Volume 21, Number 51 | The Newspaper of Lower Manhattan | May 8 - 14, 2009
Build the W.T.C. now — recessions don’t last for decades
By Dave Stanke
It was never going to be easy. The challenges were overwhelming. Rebuilding the World Trade Center required dedication to a vision. It would require the best of execution. Most of all, it required a commitment to possibilities and the willingness to take risks. The effort to rebuild the W.T.C. was the manifestation of the human struggle to overcome despair.
Now the Port Authority has flinched. Vast sums have been spent but progress is lacking. Silverstein still has the vision and has demonstrated the ability to execute. But with the deep national recession, teetering banks will not risk the capital needed to complete the job. If the Port Authority doesn’t agree to backstop Silverstein’s financing to get the full W.T.C. built, Downtown will have failed, and all of the 9/11 recovery rhetoric will be exposed as meaningless.
In response to a terrorist attack that destroyed 10 million square feet of commercial real estate, a transportation center, a hugely profitable retail center, and the center of Downtown Manhattan; the Port Authority has commissioned a study of office space demand. The Cushman & Wakefield study predicts a dire future for the city. The Port has exchanged vision for excuses. The report is not rational; it is a rationalization for weakness and mistakes.

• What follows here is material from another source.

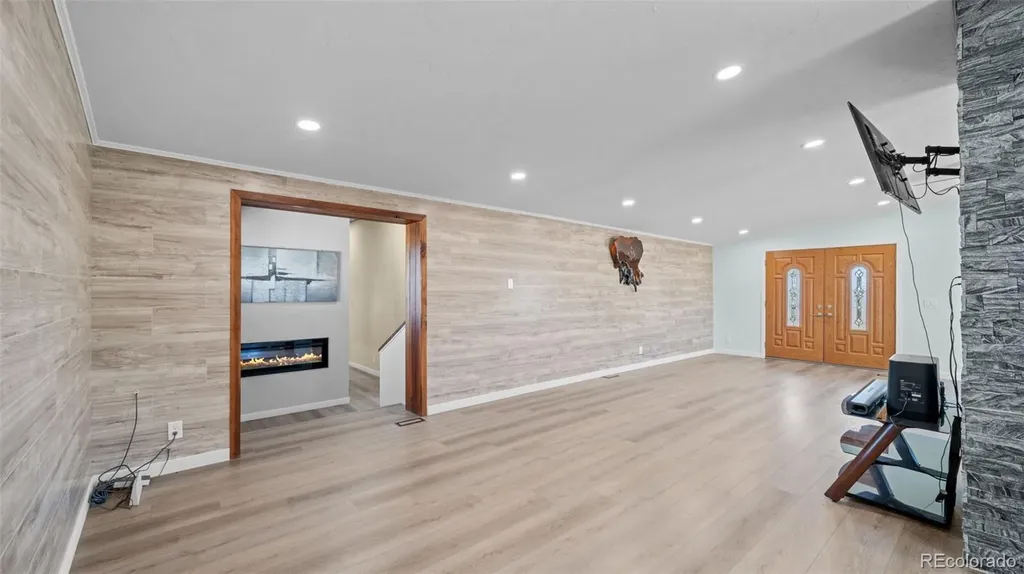 20402 County Road 2 Rush CO 80833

The Port’s 30-year forecast for the W.T.C. is blatantly biased in support of Cushman’s and the Port’s narrow self interest. In their view, W.T.C. Tower 1 (a k a Freedom Tower) will lease up twice as fast as Silverstein’s more marketable Tower 2. C & W does not project the start of construction on Tower 3 until a year after Tower 2 is full. This would leave five years with no available office space at the site! They believe that the city can add just three office buildings over four business cycles. Cushman and Wakefield should consider downsizing itself, not the W.T.C.
A year ago, everyone was looking for ways to expand commercial real estate for a growing economic base. Cushman, real estate developers, City Hall, corporations, newspaper owners — every major player in the city — was desperate to develop. Now, just a year later, we don’t need new office buildings for 30 years? The mayor and many others project a recovery starting in a year or so.
When a business wants to take a direction, they commission a study with a predetermined result. This study is a rationalization for controversial decisions and a distraction from past mistakes. The Port Authority doesn’t want to support Silverstein in the rebuilding of the W.T.C. They paid Cushman & Wakefield to cover themselves.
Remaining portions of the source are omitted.